In some sense it might feel like the above description isn't complete. The specific details of how we measure distance and arclength in the plane matter a lot. What would happen if we change the geometry on $\mathbb{R}^2$?
There are various "nice" ways to measure distance on $\mathbb{R}^2$. Formally, I'm talking about metrics which induce the usual topology; informally, these are just functions $d:\mathbb{R}^2\rightarrow\mathbb{R}_{\ge0}$ between pairs of points that behave broadly how we would expect "distance notions" to behave and don't look crazy-bonkers. For example, we have:

*

*The taxicab metric $d_{taxi}((a,b),(c,d))=\vert a-c\vert+\vert b-d\vert$. (As we all know, taxis can go straight through buildings but can't move diagonally due to an agreement with the Vatican.)


*The max metric $d_{max}((a,b),(c,d))=\max\{\vert a-c\vert, \vert b-d\vert\}$.


*The elliptical metric $d_{ell}((a,b),(c,d))=\sqrt{(a-c)^2+{\color{red}{17}}(b-d)^2}$.

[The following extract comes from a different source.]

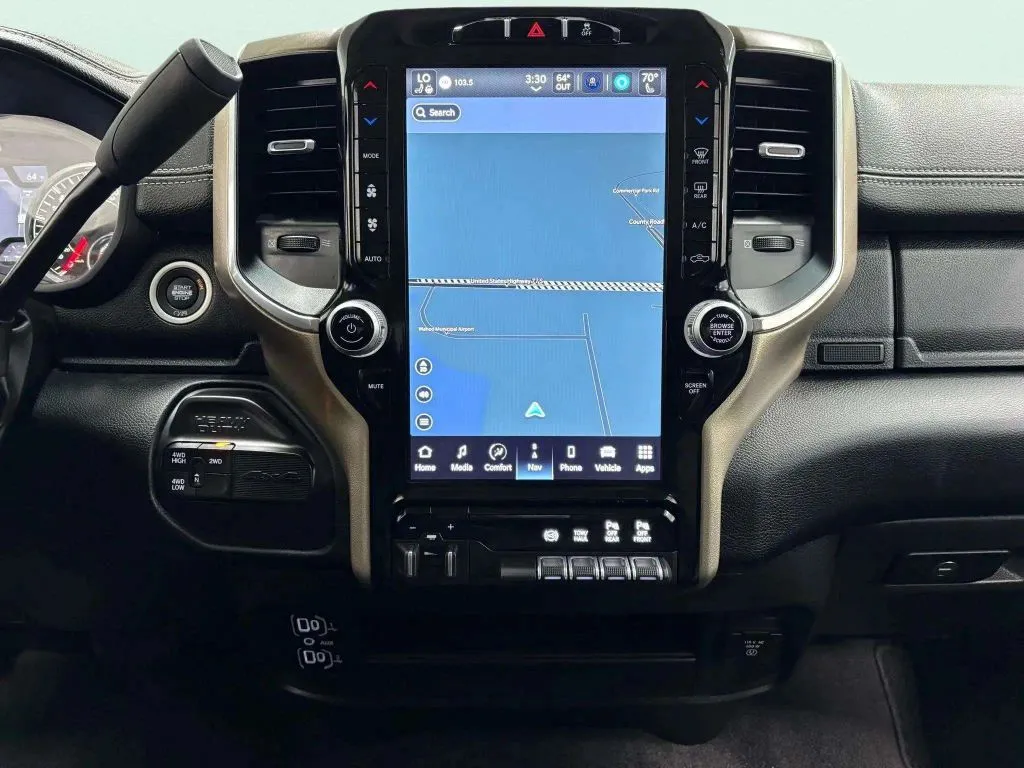 2024 Ram 2500 Laramie photo 25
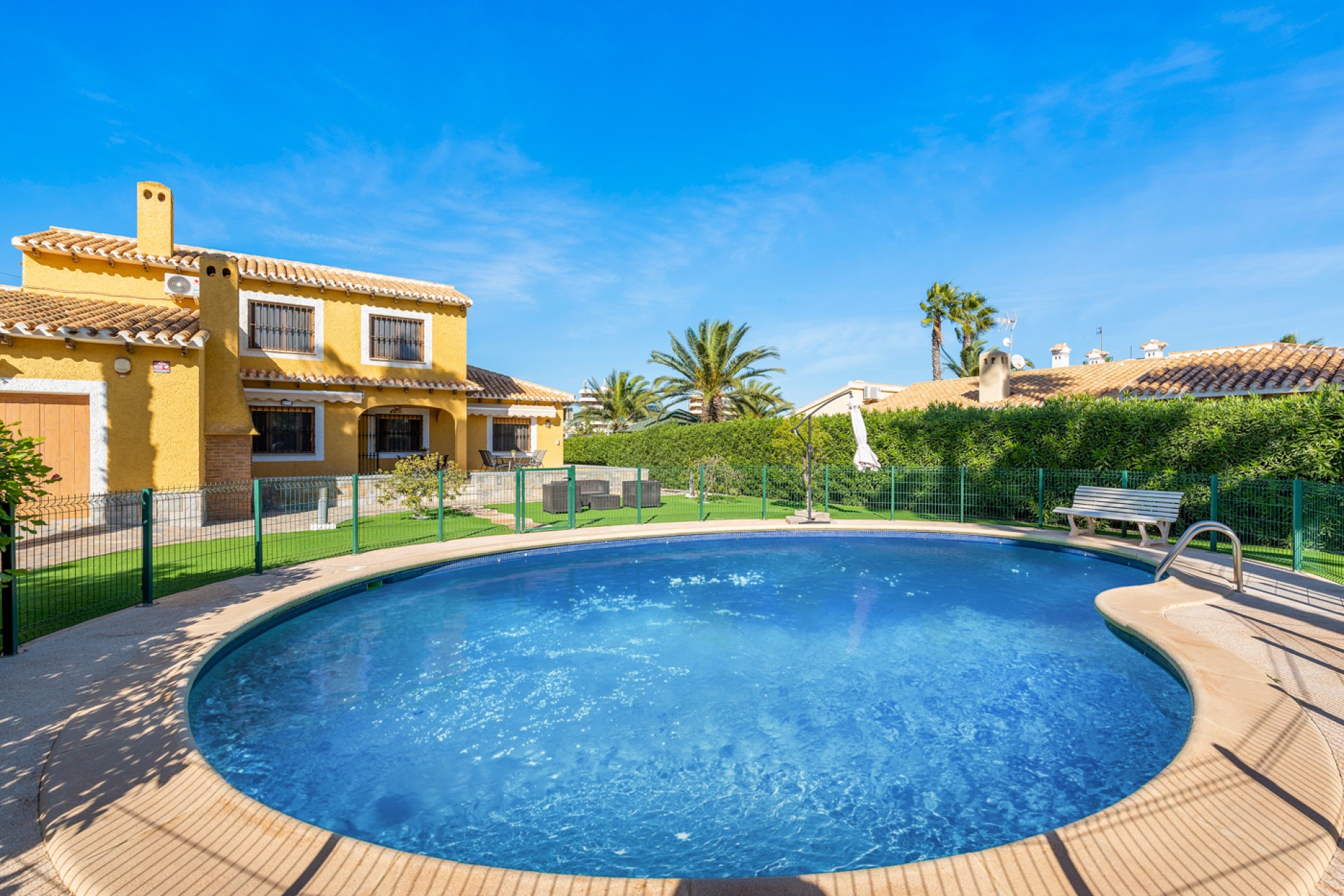 Sale - Chalet - Cabo Roig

*The let's squish Pythagoras metric $d_{squish}((a,b),(c,d))=\sqrt[{\color{red}{42}}]{(a-c)^{{\color{red}{42}}}+(b-d)^{{\color{red}{42}}}}$.
And there are many others. Now we next need a definition of arclength. Here's the one I think is nicest:

Suppose I have a path in the plane, thought of as the image of a function $p:[0,1]\rightarrow\mathbb{R}^2$ (intuitively $p(t)$ is the point on the path at time $t$). We'll restrict attention to "nice" functions $p$; in particular, $p$ should be injective. For $d$ a "nice" metric, we say that the $d$-arclength of (the range of) $p$ is $L$ iff for all $\epsilon>0$ there is some finite sequence of points $0\le a_1<...<a_n\le 1$ such that, for every finite sequence of points $0\le b_1<...<b_k\le 1$ with each $a_i$ appearing as some $b_j$, we have $$\vert L-\sum_{1\le i< k}d(p(b_i), p(b_{i+1}))\vert<\epsilon.$$

A fun exercise: which, if any, of the above metrics (or any of your favorite alternatives) admits a function $f$ that "computes its own $d$-arclength"? (And if such a function exists, need it be unique? There's a lot to play with here!)